Peeter Joot's (OLD) Blog.

Math, physics, perl, and programming obscurity.

Cartesian to spherical change of variables in 3d phase space

Posted by peeterjoot on February 11, 2013

[Click here for a PDF of this post with nicer formatting]

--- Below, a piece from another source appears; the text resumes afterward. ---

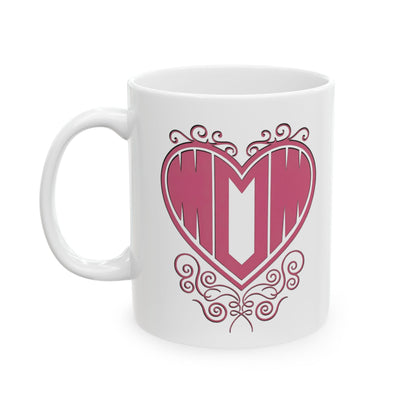 White ceramic mug with "Mom" printed in pink text inside a heart with decorative filigree, on a white background.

Question: Cartesian to spherical change of variables in 3d phase space

[1] problem 2.2 (a). Try a spherical change of vars to verify explicitly that phase space volume is preserved.

Answer

Our kinetic Lagrangian in spherical coordinates is

\begin{aligned}\mathcal{L} &= \frac{1}{{2}} m \left(  \dot{r} \hat{\mathbf{r}} + r \sin\theta \dot{\phi} \hat{\boldsymbol{\phi}} + r \dot{\theta} \hat{\boldsymbol{\theta}} \right)^2 \\ &= \frac{1}{{2}} m \left(  \dot{r}^2 + r^2 \sin^2\theta \dot{\phi}^2 + r^2 \dot{\theta}^2  \right)\end{aligned} \hspace{\stretch{1}}(1.0.1)

We read off our canonical momentum

\begin{aligned}p_r &= \frac{\partial {\mathcal{L}}}{\partial {r}} \\ &= m \dot{r}\end{aligned} \hspace{\stretch{1}}(1.0.2a)

\begin{aligned}p_\theta &= \frac{\partial {\mathcal{L}}}{\partial {\theta}} \\ &= m r^2 \dot{\theta}\end{aligned} \hspace{\stretch{1}}(1.0.2b)

\begin{aligned}p_\phi &= \frac{\partial {\mathcal{L}}}{\partial {\phi}} \\ &= m r^2 \sin^2\theta \dot{\phi},\end{aligned} \hspace{\stretch{1}}(1.0.2c)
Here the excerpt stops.